Unless you missed it, on Friday, July 31, 2009, the Energy and Commerce Committee of the House of Representatives approved H.R. 3200 “America’s Affordable Health Choices Act.” This bill, which will require much more work, has successfully found more consensus than opposition. It rests on a variety of reforms, most evident are underwriting practices of health insurers.
The devil is always in the details, so we can expect major debate over healthcare reform when legislators return from their August recess. Based on current healthcare spending growth rates, most reasonable Americans understand that some form of healthcare reform will be required to stem the tide of rising healthcare costs.
Healthcare communications professionals, the media and others who are following this debate are asking a number of critical questions. Will a new healthcare law reduce costs or raise costs? How will such an extensive overhaul be funded? How will the insurance industry compete against a public healthcare insurance option? Will healthcare reform harm the biomedical industry by hampering investment and innovation? How will cost containment translate into rationing, and how will Americans react to government-mandated rationing? Will the quality of physicians and care improve or deteriorate if there is a government-run system?
I have seen all of these questions raised by both sides, however, the major question I have not heard much about from either side (and perhaps I’m not listening hard enough) has to do with tort reform. There just doesn’t seem to be much rhetoric or debate around allowing doctors to practice more preventive medicine and less defensive medicine.
The point of healthcare reform is to reduce cost and improve access to quality healthcare for all Americans. An abundance of lawsuits against doctors, hospitals and insurance companies has had a massive impact on the rising cost of healthcare in this country. Yet the amount of media coverage on the issue of tort reform specifically as it relates to healthcare reform has been minimal at best.
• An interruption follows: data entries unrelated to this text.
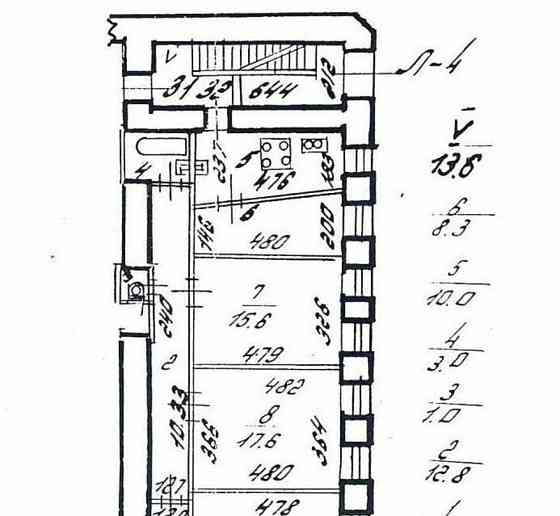 Комната, 33.2 м2, 1/7 эт. Санкт-Петербург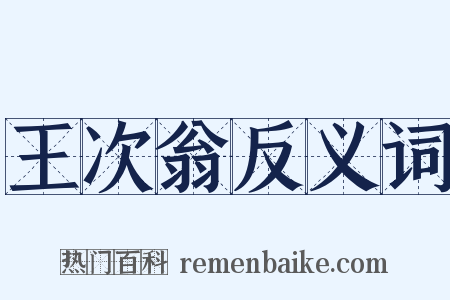 王次翁反义词是什么意思的图片
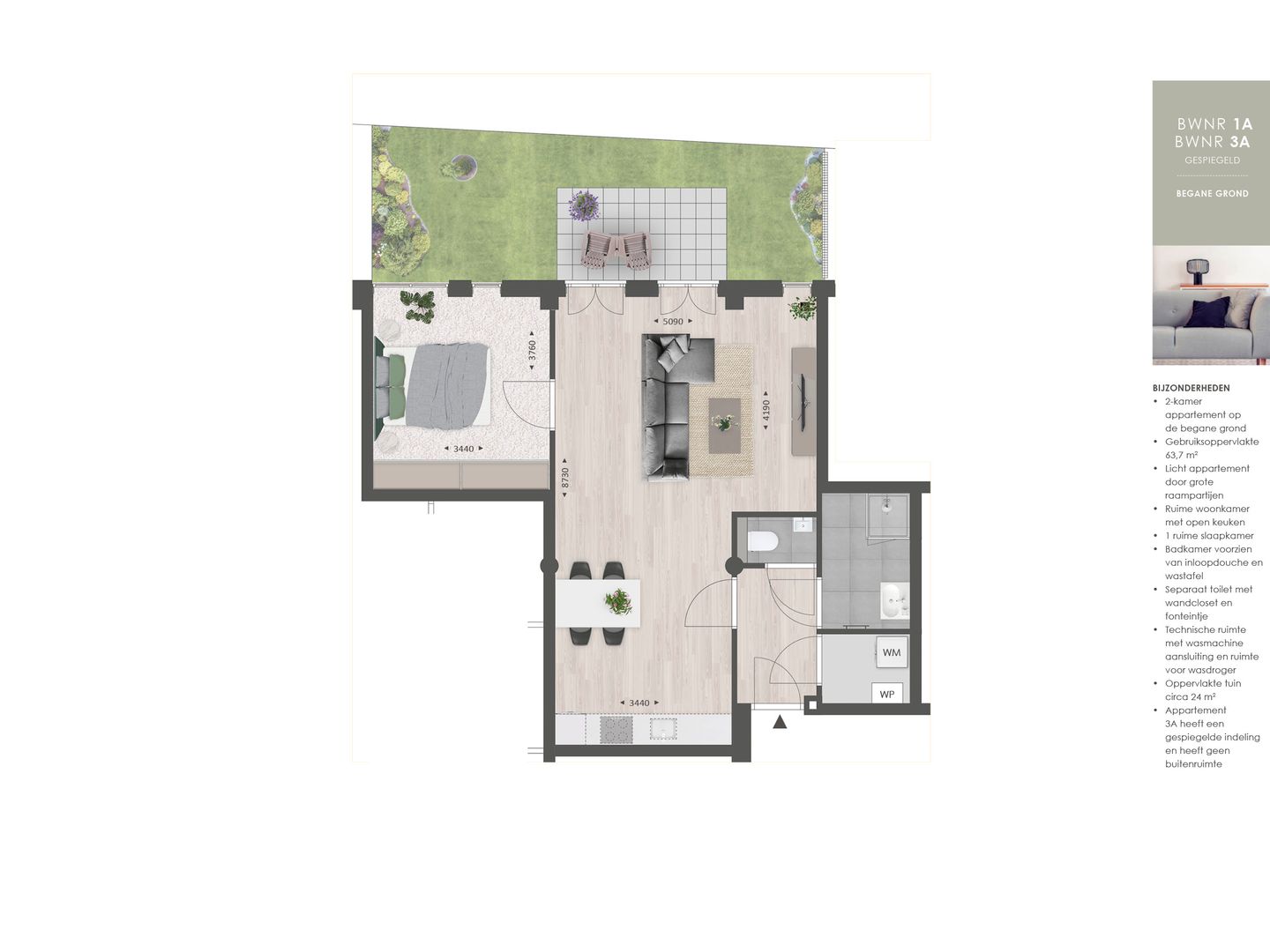Foto 4 van Appartement | Type A (Bouwnr. 3a)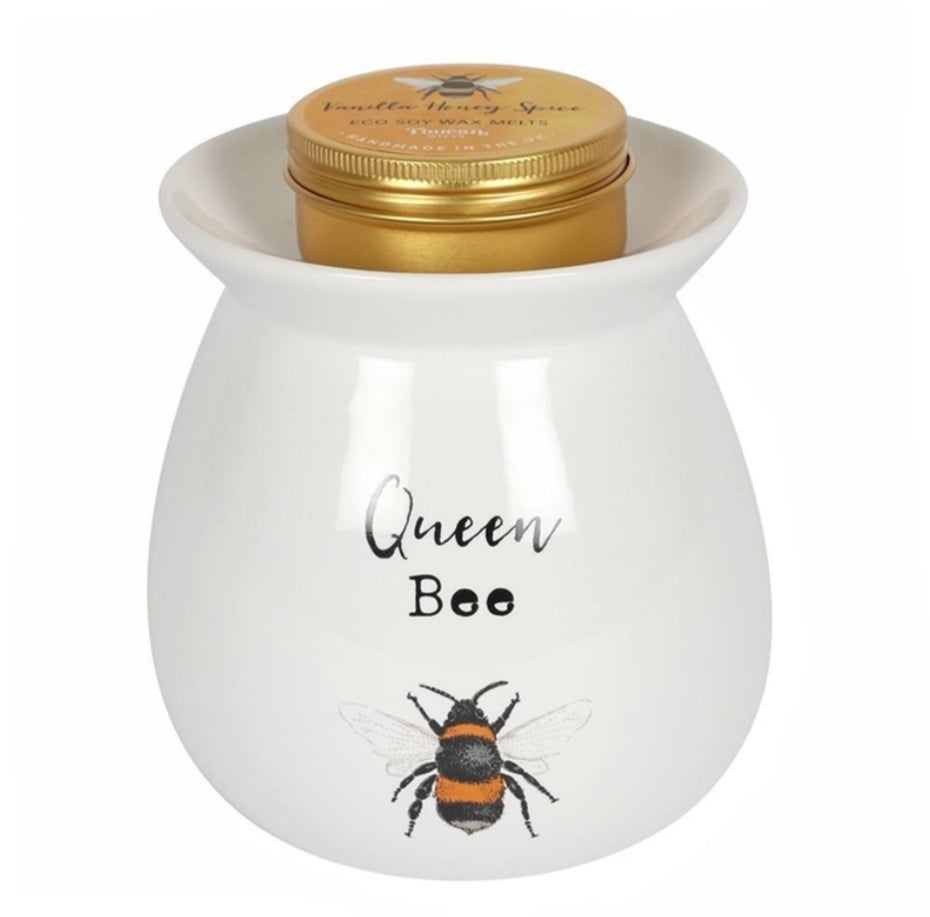 Queen Bee Wax Melt Burner With Melts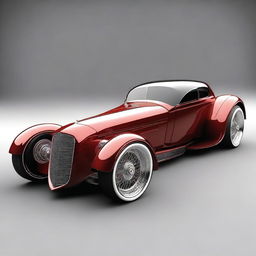 Create a custom hypercar that is a fusion of a 1932 Buick Victoria sedan and a McLaren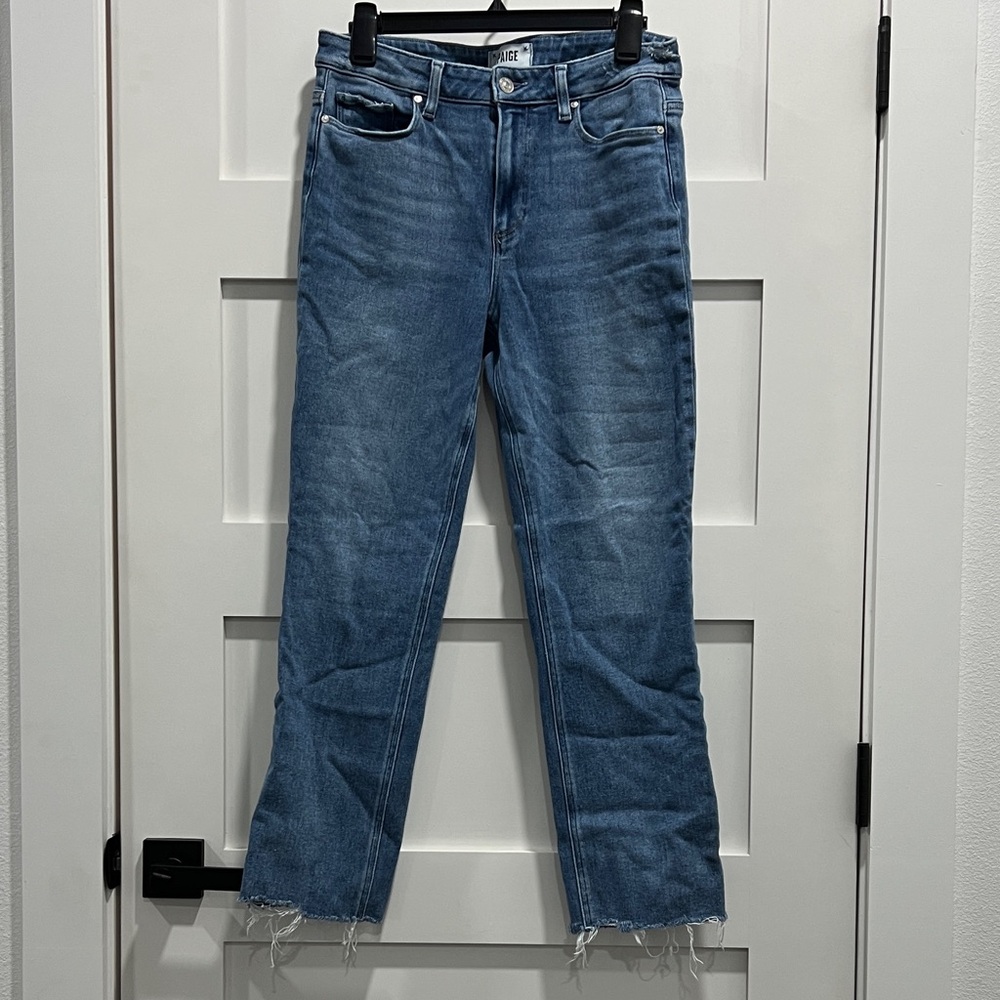 PAIGE Cindy Classic Blue Straight Leg Jeans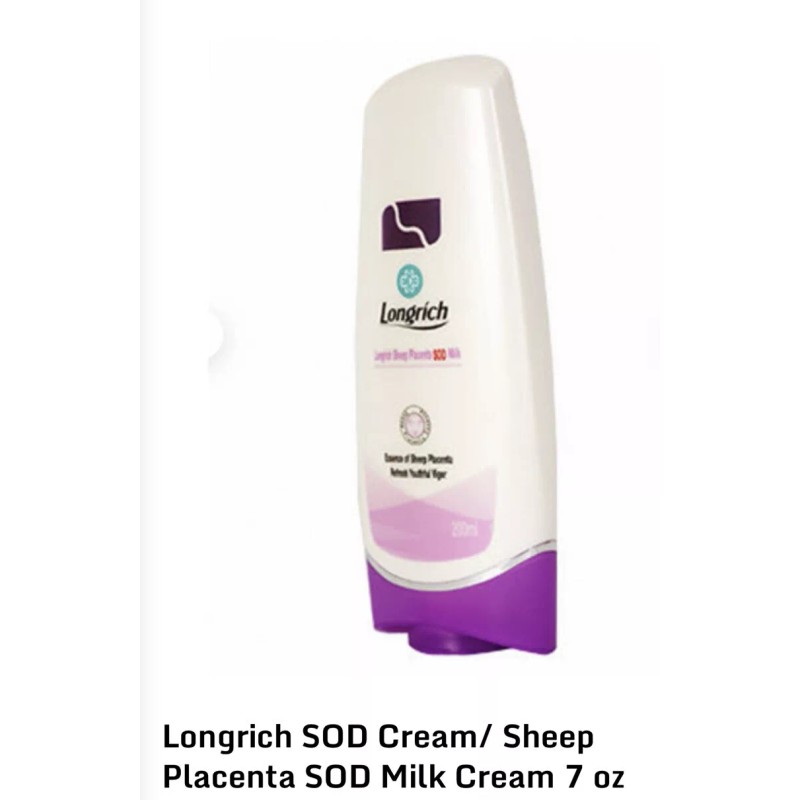 Longrich SOD Cream, Longrich SOD Lotion, Sheep Placenta SOD Milk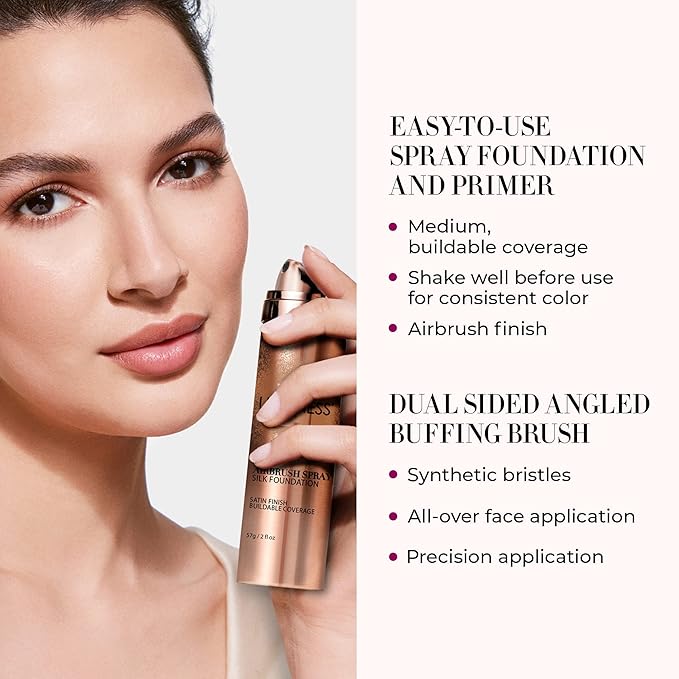 LUMINESS Airbrush Spray Silk Foundation Starter Kit - & Moisturizes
A number of op eds have been published on the issue of healthcare reform, both for and against, and many of these have been pretty inflammatory depending upon the political stance of the writer. One of the very few op ed writers who has made a strong case for tort reform as part of healthcare reform is Charles Krauthammer in the Washington Post. Now let me be clear: I don’t necessarily agree with all of Krauthammer’s opinions on the issue of healthcare reform. However, he does raise the issue of tort reform, and the need for it, in order to reduce healthcare costs. On that issue, I believe he has a point.
There does need to be legal recourse for patients in legitimate cases of medical malpractice. However, for our leaders to focus on cutting out the waste and fraud in our current healthcare system while ignoring the very real need for tort reform as part of the overall healthcare reform package is disappointing.
Why haven’t we heard more about malpractice tort reform and capping malpractice awards?
Any healthcare reform will be a hollow victory without malpractice tort reform.